(Exercise inputs begins)

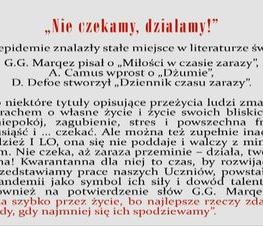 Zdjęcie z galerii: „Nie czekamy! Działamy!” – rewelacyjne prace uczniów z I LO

(Exercise inputs ends)
(Exercise inputs begins)

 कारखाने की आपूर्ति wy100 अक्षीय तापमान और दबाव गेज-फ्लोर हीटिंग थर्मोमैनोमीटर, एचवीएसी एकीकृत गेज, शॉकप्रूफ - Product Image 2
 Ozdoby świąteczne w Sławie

(Exercise inputs ends)

The expected output is exactly the lines of the listing above between the line holding "कारखाने की आपूर्ति" and the line holding "Ozdoby świąteczne w Sławie", inclusive.

Solved exercise.
 कारखाने की आपूर्ति wy100 अक्षीय तापमान और दबाव गेज-फ्लोर हीटिंग थर्मोमैनोमीटर, एचवीएसी एकीकृत गेज, शॉकप्रूफ - Product Image 2
 Ozdoby świąteczne w Sławie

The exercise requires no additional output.